This link has a lot of good information on the chemistry of hair and what makes and does not make a good shampoo:

http://swiftcraftymonkey.blogspot.com/p/hair-care.html

Please do not be offended when I say that I fear the ingredients and process you first mentioned will make a gooey mess.


----------



## Lindy (May 23, 2013)

Peace Love and Suds - your question has been answered innumerable time in this thread.  You don't seem to be listening.  Shampoo by its very nature requires soap or synthetic surfactants.

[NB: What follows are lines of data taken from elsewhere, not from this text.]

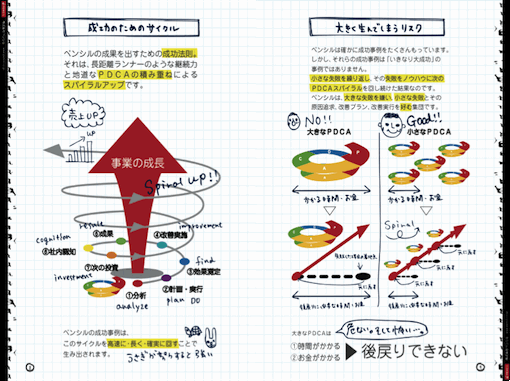 サービス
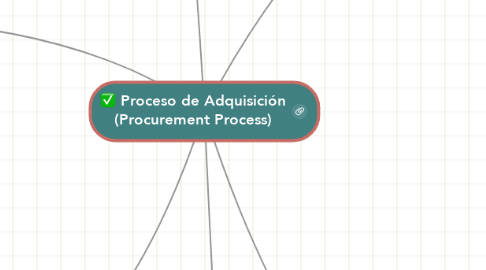 Mind Map: Proceso de Adquisición (Procurement Process)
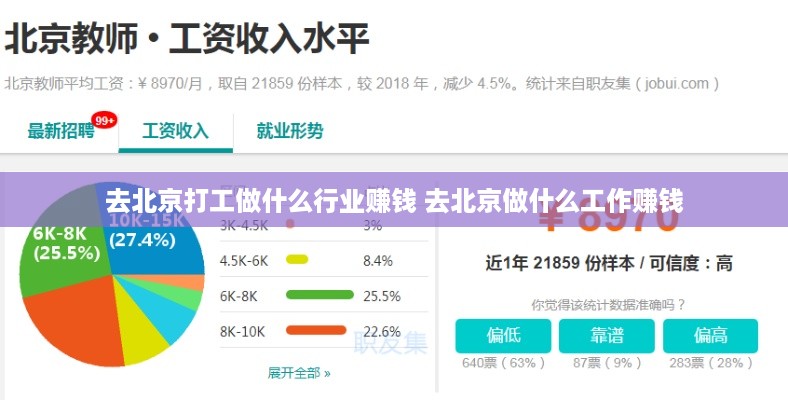 去北京打工做什么行业赚钱 去北京做什么工作赚钱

To make a liquid shampoo you are going to be making a soap with some hair-loving additives.


----------



## Tmgm1215 (May 23, 2013)

I'm with you are there no recipes to make shampoo just like body wash! I don't want to use all that stuff I can't even pronounce on my hair, thats why I bought all this stuff in the first place. Hopefully we will find a way


----------



## lsg (May 23, 2013)

Most shampoo ingredients are listed by their INCI names, and yes they are hard for me to pronounce. By the same token (Cocos Nucifera) the INCI name for coconut is not so easy to pronounce either. The surfactants and additives in shampoo are sold under names that are very easily pronounced, for instance, Baby Blend Concentrate, a very mild surfactant is sold under a Brand Name. Take a look at the INCI name list of ingredient in a bar of cp soap, if you make it, none of these ingredients are easily pronounced, but most of us don't consider them harmful or we wouldn't be making soap.


----------



## Cezanne (May 23, 2013)

I'm also looking for liquid shampoo recipes that don't contain synthetic chemicals.  I have lupus and my skin is highly reactive to anything it comes into contact with.  Synthetic ingredients tend to be worse than natural ones (though there are some natural ingredients I react to as well), so I try to use go as natural as possible in everything I make, and I make everything that comes into contact with my skin.  I'm currently using a home made shampoo bar, but I have been researching liquid shampoo recipes because it's SO much more convenient.  I've tried the recipes where you start with a liquid castile and put in your own additives, but they just don't lather up very well because of the nature of castile, so I just went back to my shampoo bar.  I'll keep searching and let y'all know if I come up with anything that works and hope you will do the same!


----------



## Lindy (May 24, 2013)

A good shampoo doesn't need to lather at all to still clean your hair gently.  We have been so programmed by the shampoo companies to expect big thick lather in our shampoo (liquid) that when we don't get it we think it doesn't work.  The big lather comes from things like SLS and other synthetic surfactants.  You will have the most control of what goes into your liquid shampoo if you create it from scratch yourself.


----------



## peace-love-and-suds (May 26, 2013)

This article is 5-6 years old but very helpful.  I guess as a lot of you have been saying and from what I have gathered myself, one cannot hope to treat other products such as lotion and shampoo in the same nature as soap.  Some unwanted ingredients are necessary, but I guess in the end it is better to still make our own because it is a lesser of the evils (compared to store bought shampoo).  http://www.cosmeticsandtoiletries.com/formulating/function/surfactant/19491344.html?page=1


I wonder if someone would be kind enough to post a recipe or link to a good recipe that follows as closely as allowable the organic unrefined non-chemical guidelines I am trying to follow.  Thank you for all the answers.  I will continue to post information as I find it.  I am a determined nut.


----------



## peace-love-and-suds (May 26, 2013)

Here is an idiots guide to surfactants that helped me (for those of you who are as ignorant as I am on the subject). 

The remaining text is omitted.